ESSENTIAL PUBLIC FACILITY SITING

NEW SECTION. Sec. ___.  Essential Public Facilities Siting Board. (1) The intergovernmental coordinating council shall establish an essential public facilities siting board. The board shall have the following representation:

(a) [state agencies]

(b) [counties]

(c) [cities]

(d) [special purpose districts].

(2) An application for the siting of the following essential public facilities shall be filed with the board.

(a) A correctional facility operated by the department of corrections;

(b) A correctional facility operated by the department of social and health services;

(c) A new campus or new branch campus of a state community college, college, or university;

(d) Any other state owned or operated facility directed by the legislature either by statute or in an appropriation item to be heard by the board.

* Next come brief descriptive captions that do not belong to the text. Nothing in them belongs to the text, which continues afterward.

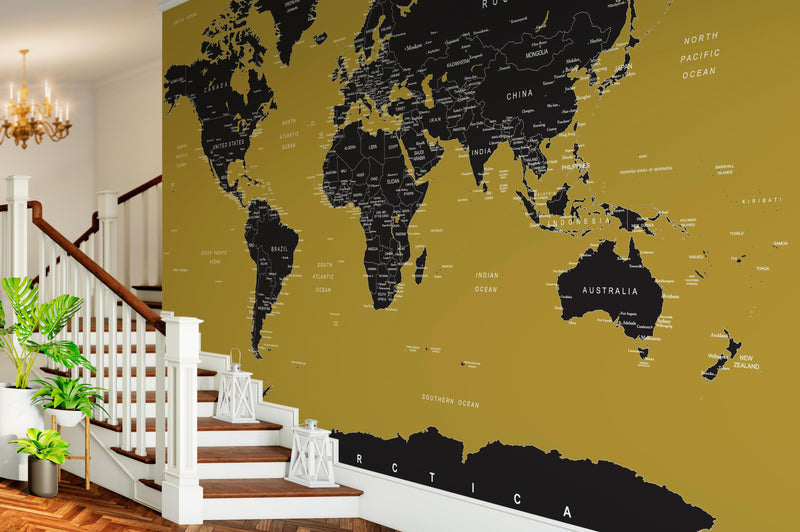 GOLD World Map Wall Mural.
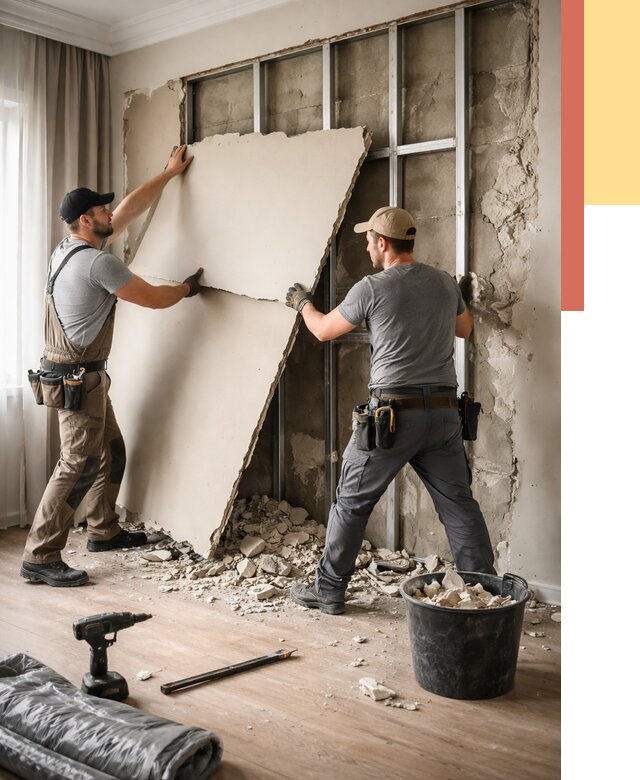 Демонтаж гипсокартона со стен в Людиново от 356 руб. — услуги демонтажа | ОТДЕЛОЧНИК-Люд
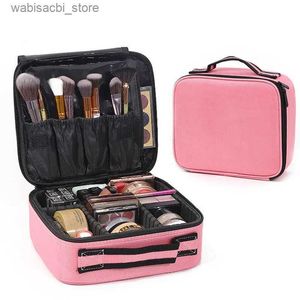 Kosmetiska väskor kvinnlig bärbar makeup väska mini resor makeup arrangör lagringslåda professionell nagelverktyg resväska för kvinnlig konstnär make up väska l49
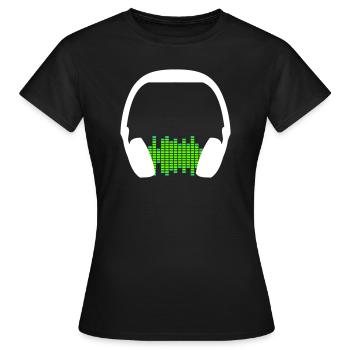 Casque Techno Music Party Equalizer Waves Logo - T-shirt Femme - noir - Devant - AI Model Female 172 dark (172cm)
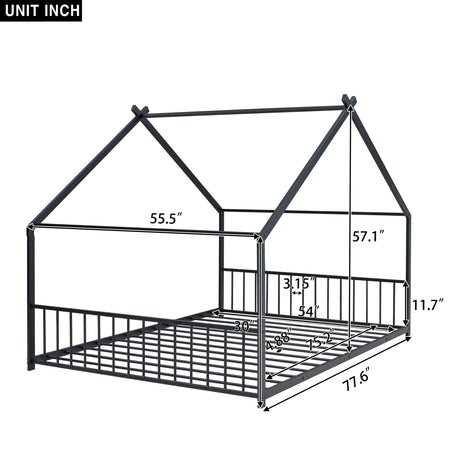 Full Size Metal House Bed | OROA Kids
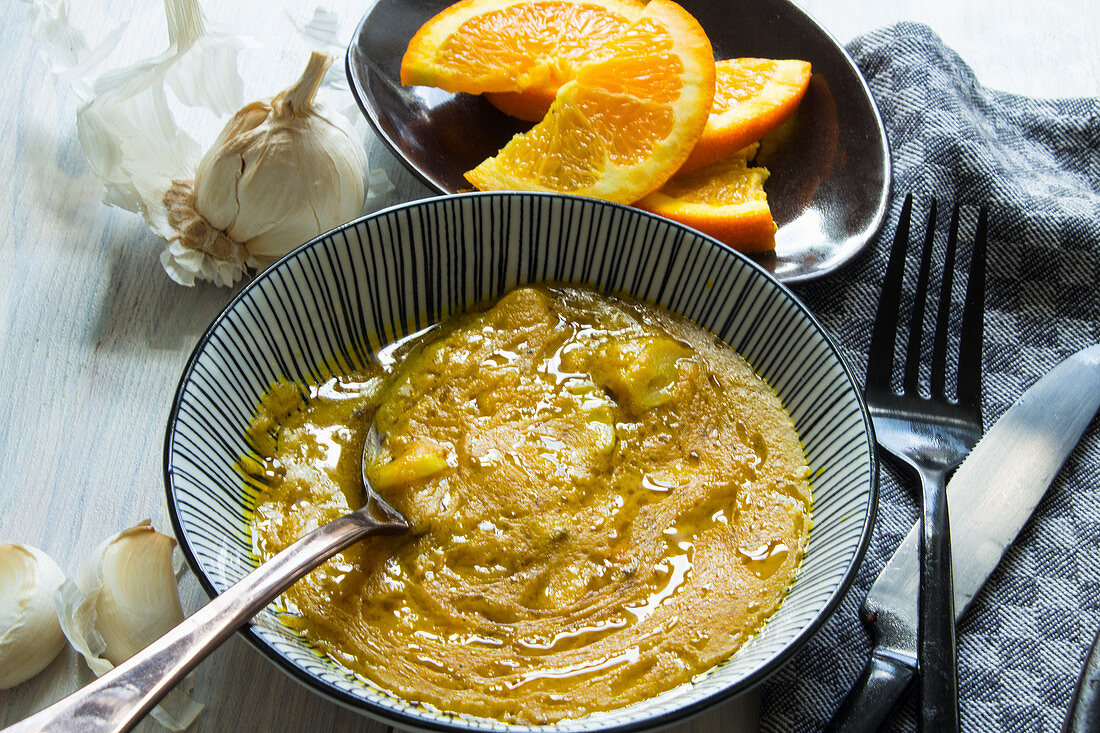Orange sauce with garlic (Keto cuisine)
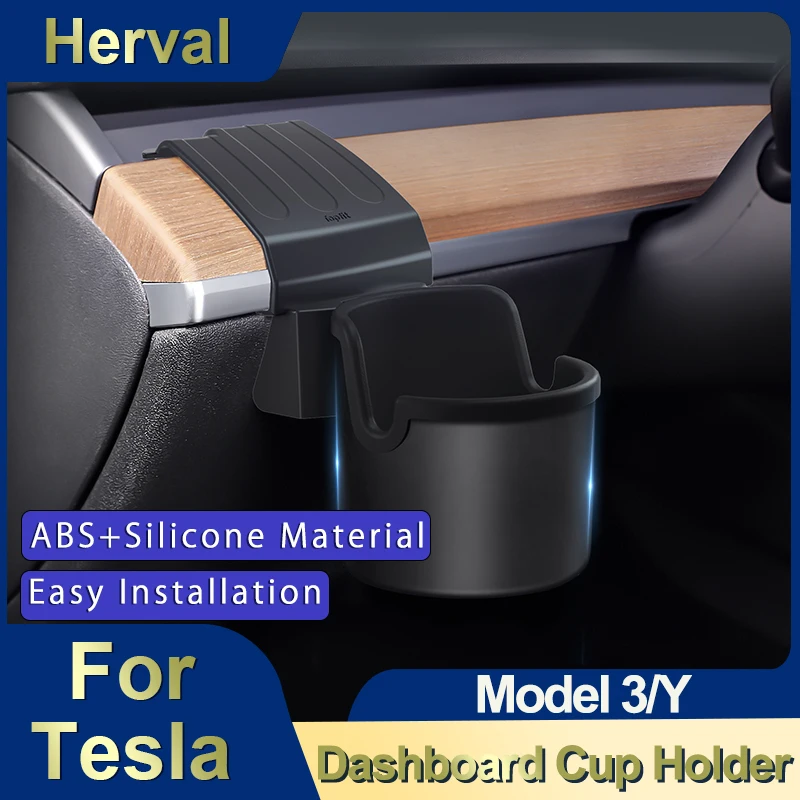 Herval For Tesla Model 3/Y Dashboard Water Cup Holder Instrument Panel Organizer Dashboard Left Storage Box Accessories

(3) The board shall also have jurisdiction to resolve disputes over the siting of other essential public facilities through the process established by sections __ through __ of this act.

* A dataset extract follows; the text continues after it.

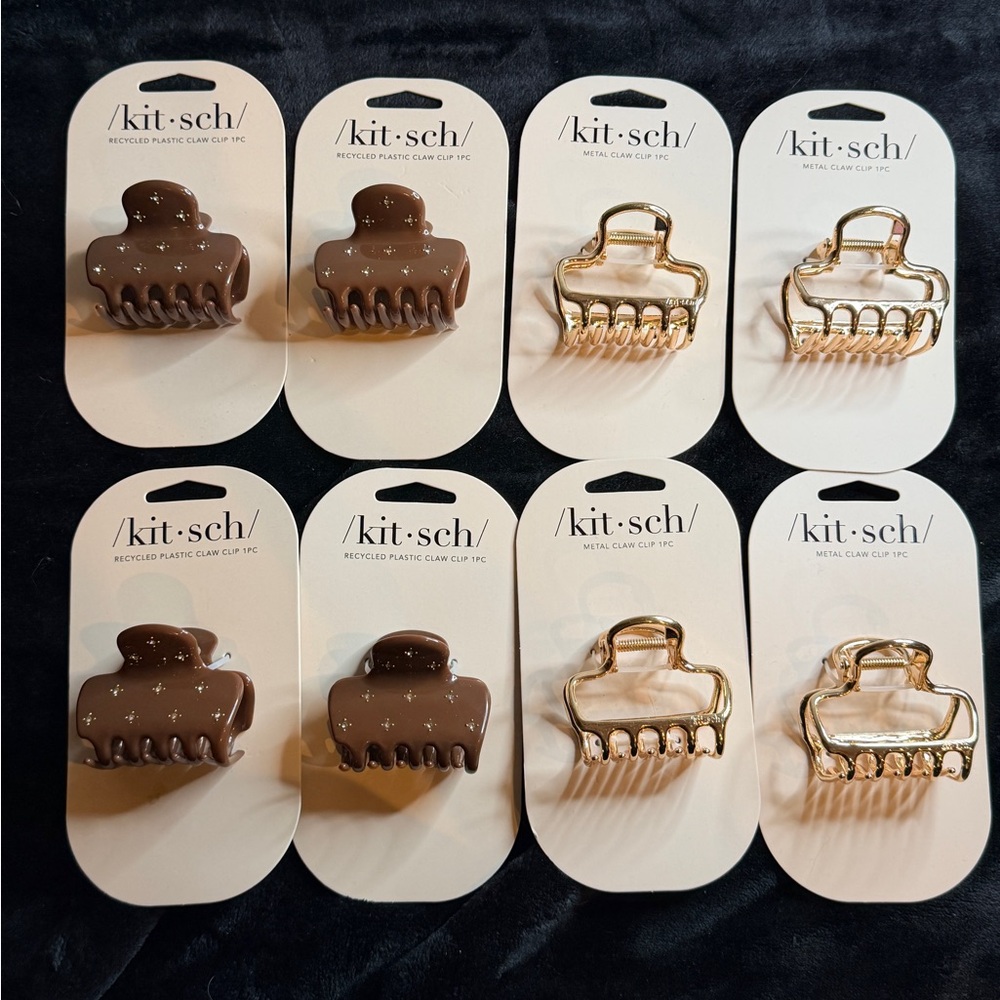 Kitsch Brown and Gold Hair Claw Clips Set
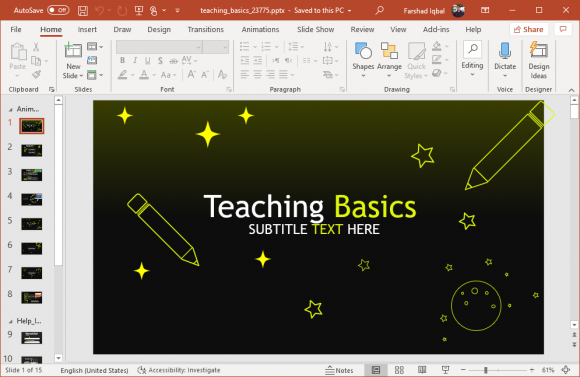 Animated Basic teaching PowerPoint template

NEW SECTION. Sec. ___.  Application of siting process. The applicant for an essential public facility, or an affected county or city, may petition the board to convene the negotiation and arbitration process provided for by this chapter. The board shall approve the petition if it determines either:

(1) That the local government has not made a decision on the application within the time required by chapter 36.70B RCW;

(2) That the local government has not adopted procedures relating to the siting of essential public facilities under chapter 36.70A RCW;

(3) That the proposal will result in an undue concentration of a particular type of development in one community or area; or

(4) That the project will have impacts on and benefits to more than one county or city, although the proposal will be located entirely or almost entirely within the boundaries of a single local government.

 

CHAPTER 92.50

ENFORCEMENT

NEW SECTION. Sec. __. A county or city may provide a procedure for enforcment by third parties of conditions imposed by the local government on development permits issued pursuant to chapter 36.70B or substantial development permits issued pursuant to chapter 90.58 RCW. The procedure shall include at least the following requirements:

(1) An aggrieved person must file a written complaint with the city or county alleging a violation stating the basis for the complaint. A copy of the complaint shall be mailed to the property owner.

(2) If the county or city decides not to take enforcement within twenty-eight days after the complaint is filed, it shall notify the person filing the complaint and the property owner and shall schedule a hearing on the complaint before a hearing examiner for not later than twenty-eight days after the decision.

(3) The hearing examiner shall issue a decision within fourteen days after the hearing. The hearing examiner may in the decision, impose on the nonprevailing party the costs and expenses of the proceeding, including reasonable attorneys fees and costs of both the prevailing party and the city or county.